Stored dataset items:
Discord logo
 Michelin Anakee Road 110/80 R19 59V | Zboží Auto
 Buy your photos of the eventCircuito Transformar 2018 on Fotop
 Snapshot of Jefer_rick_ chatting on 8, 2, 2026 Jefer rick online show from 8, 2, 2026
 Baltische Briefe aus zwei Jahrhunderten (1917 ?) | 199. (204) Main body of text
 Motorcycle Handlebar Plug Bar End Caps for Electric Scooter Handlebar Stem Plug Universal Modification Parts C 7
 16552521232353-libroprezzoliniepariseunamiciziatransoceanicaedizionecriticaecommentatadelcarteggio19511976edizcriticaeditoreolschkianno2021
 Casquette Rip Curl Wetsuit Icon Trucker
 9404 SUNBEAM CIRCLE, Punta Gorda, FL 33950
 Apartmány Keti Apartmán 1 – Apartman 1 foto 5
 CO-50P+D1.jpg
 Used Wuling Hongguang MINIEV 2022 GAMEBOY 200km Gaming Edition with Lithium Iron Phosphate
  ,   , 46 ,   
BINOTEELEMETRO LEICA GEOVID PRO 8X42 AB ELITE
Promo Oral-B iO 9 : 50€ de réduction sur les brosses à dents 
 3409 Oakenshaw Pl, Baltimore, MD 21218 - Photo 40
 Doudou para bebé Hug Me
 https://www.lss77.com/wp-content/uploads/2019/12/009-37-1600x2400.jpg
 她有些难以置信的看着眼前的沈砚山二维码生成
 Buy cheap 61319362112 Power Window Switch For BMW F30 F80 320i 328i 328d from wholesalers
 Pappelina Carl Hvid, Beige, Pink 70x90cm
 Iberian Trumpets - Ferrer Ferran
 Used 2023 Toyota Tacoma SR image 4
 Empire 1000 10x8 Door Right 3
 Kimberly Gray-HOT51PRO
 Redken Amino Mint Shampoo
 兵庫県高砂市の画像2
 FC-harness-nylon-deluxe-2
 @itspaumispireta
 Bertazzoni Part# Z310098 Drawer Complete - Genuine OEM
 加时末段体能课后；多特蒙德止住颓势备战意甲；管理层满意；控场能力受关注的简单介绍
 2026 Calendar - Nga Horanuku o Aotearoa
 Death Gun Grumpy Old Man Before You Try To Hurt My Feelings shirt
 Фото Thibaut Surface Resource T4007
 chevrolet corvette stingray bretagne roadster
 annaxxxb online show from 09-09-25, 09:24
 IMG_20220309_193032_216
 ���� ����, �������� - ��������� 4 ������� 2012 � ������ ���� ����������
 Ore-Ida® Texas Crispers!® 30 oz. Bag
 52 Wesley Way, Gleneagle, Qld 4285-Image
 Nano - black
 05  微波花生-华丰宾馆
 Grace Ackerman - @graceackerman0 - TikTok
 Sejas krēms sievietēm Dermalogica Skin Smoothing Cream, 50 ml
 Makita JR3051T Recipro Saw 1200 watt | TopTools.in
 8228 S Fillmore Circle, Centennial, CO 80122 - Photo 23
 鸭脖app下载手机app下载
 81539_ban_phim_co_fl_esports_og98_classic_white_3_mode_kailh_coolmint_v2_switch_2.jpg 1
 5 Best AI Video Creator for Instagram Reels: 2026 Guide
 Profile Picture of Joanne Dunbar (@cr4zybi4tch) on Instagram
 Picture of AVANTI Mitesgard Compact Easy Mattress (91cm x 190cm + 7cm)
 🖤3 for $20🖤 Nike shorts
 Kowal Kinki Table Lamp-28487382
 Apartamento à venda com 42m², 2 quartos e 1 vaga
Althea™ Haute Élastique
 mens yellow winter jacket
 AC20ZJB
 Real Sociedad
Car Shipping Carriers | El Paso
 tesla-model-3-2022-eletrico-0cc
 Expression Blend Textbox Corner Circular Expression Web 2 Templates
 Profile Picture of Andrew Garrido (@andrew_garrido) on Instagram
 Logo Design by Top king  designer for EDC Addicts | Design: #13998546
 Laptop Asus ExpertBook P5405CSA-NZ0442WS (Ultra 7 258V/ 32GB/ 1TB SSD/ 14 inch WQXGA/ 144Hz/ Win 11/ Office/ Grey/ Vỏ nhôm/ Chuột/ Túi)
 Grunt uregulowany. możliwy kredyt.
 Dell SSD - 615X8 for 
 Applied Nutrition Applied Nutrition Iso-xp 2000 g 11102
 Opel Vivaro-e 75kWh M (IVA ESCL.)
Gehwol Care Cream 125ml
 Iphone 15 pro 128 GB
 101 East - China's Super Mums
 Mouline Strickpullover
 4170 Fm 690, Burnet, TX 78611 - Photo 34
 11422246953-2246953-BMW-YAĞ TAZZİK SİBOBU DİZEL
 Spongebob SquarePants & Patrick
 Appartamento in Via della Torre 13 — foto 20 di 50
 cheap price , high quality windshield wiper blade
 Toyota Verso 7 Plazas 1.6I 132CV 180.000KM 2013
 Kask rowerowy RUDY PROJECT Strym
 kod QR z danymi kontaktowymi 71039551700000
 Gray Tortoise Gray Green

# [Work item]
Lines in the data that hold "Picture" are to be counted, and the number alone reported.

# [Completed exercise]
3